### [RECORDS FOR THE EXERCISE]
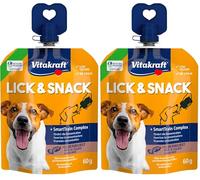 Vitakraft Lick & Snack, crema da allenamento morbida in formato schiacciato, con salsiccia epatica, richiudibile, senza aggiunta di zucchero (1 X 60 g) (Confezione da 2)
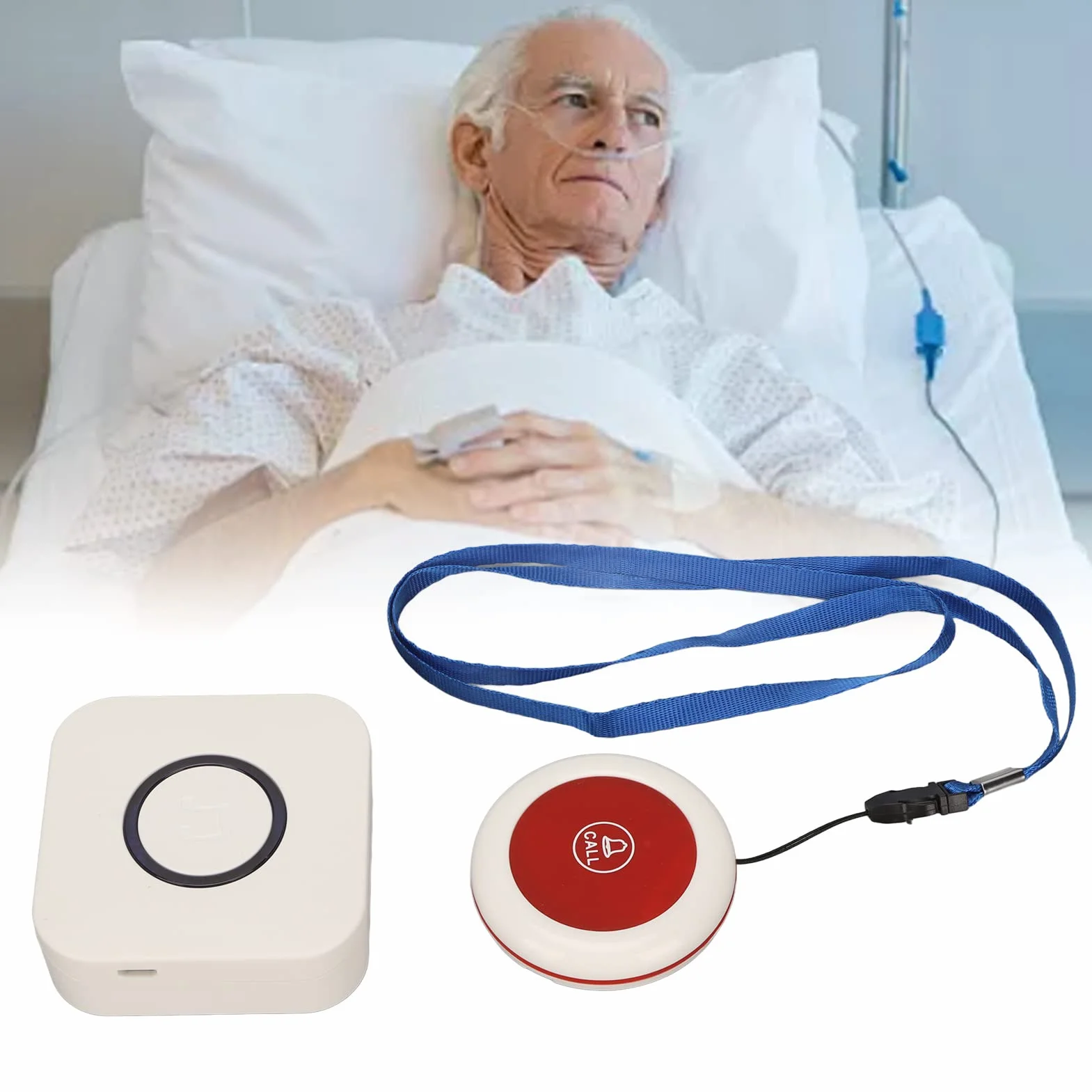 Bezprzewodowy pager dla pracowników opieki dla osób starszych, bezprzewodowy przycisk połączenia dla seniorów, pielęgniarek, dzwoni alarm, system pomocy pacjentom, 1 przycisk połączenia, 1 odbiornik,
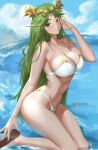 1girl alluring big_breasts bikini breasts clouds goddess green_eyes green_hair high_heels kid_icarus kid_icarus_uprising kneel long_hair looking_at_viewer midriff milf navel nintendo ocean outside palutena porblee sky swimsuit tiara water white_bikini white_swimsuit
--
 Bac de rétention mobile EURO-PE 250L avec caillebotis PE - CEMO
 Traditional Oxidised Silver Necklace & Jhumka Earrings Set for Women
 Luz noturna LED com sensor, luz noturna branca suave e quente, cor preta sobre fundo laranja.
...
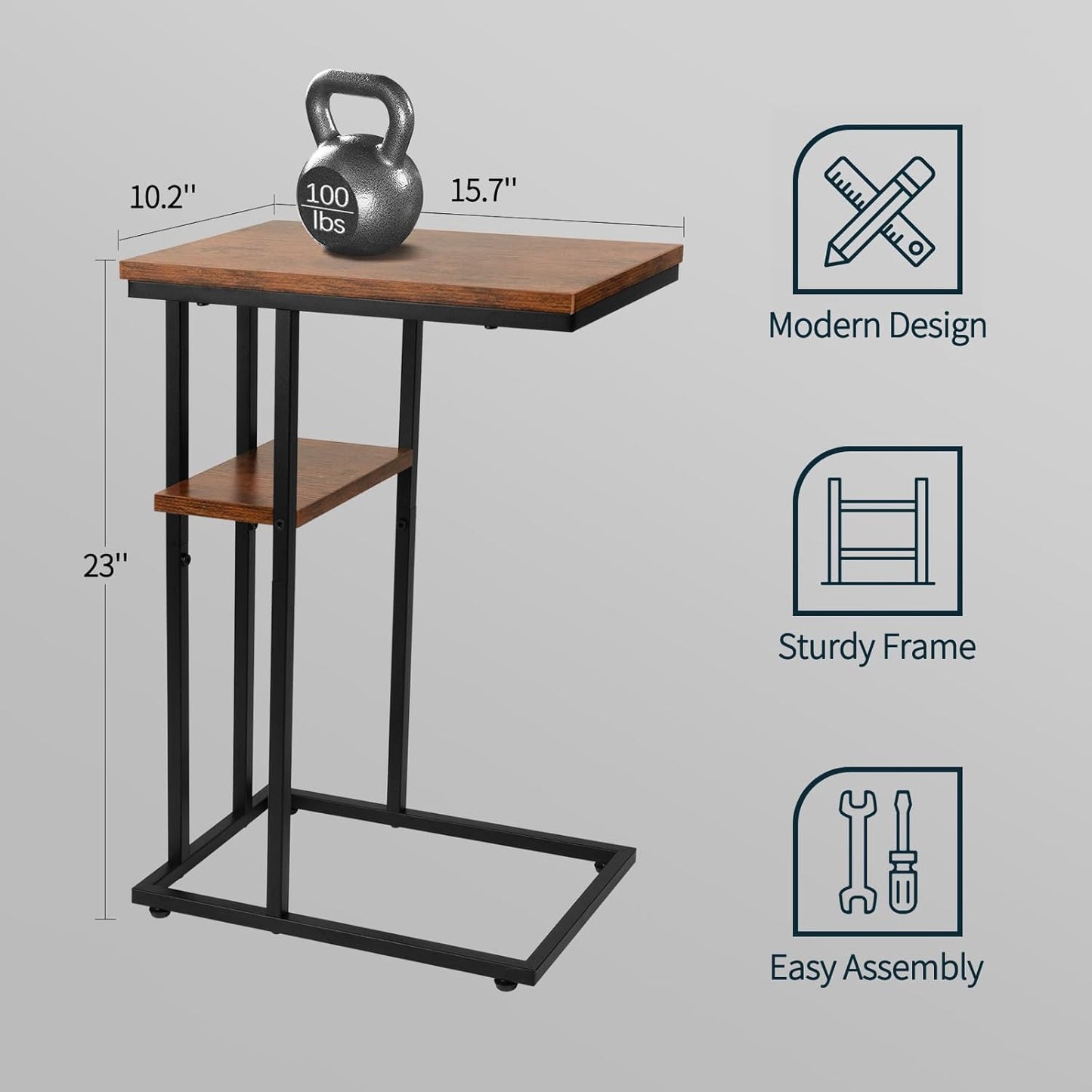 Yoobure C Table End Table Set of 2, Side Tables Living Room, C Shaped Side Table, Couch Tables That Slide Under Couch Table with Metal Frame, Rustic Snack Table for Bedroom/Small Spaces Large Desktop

### [TRY IT]
Output only the lines above from the line that holds "Vitakraft Lick &" through the line that holds "1girl alluring big_breasts", both ends included, and exclude pictures.

### [RESPONSE AREA]
 Vitakraft Lick & Snack, crema da allenamento morbida in formato schiacciato, con salsiccia epatica, richiudibile, senza aggiunta di zucchero (1 X 60 g) (Confezione da 2)
 Bezprzewodowy pager dla pracowników opieki dla osób starszych, bezprzewodowy przycisk połączenia dla seniorów, pielęgniarek, dzwoni alarm, system pomocy pacjentom, 1 przycisk połączenia, 1 odbiornik,
 1girl alluring big_breasts bikini breasts clouds goddess green_eyes green_hair high_heels kid_icarus kid_icarus_uprising kneel long_hair looking_at_viewer midriff milf navel nintendo ocean outside palutena porblee sky swimsuit tiara water white_bikini white_swimsuit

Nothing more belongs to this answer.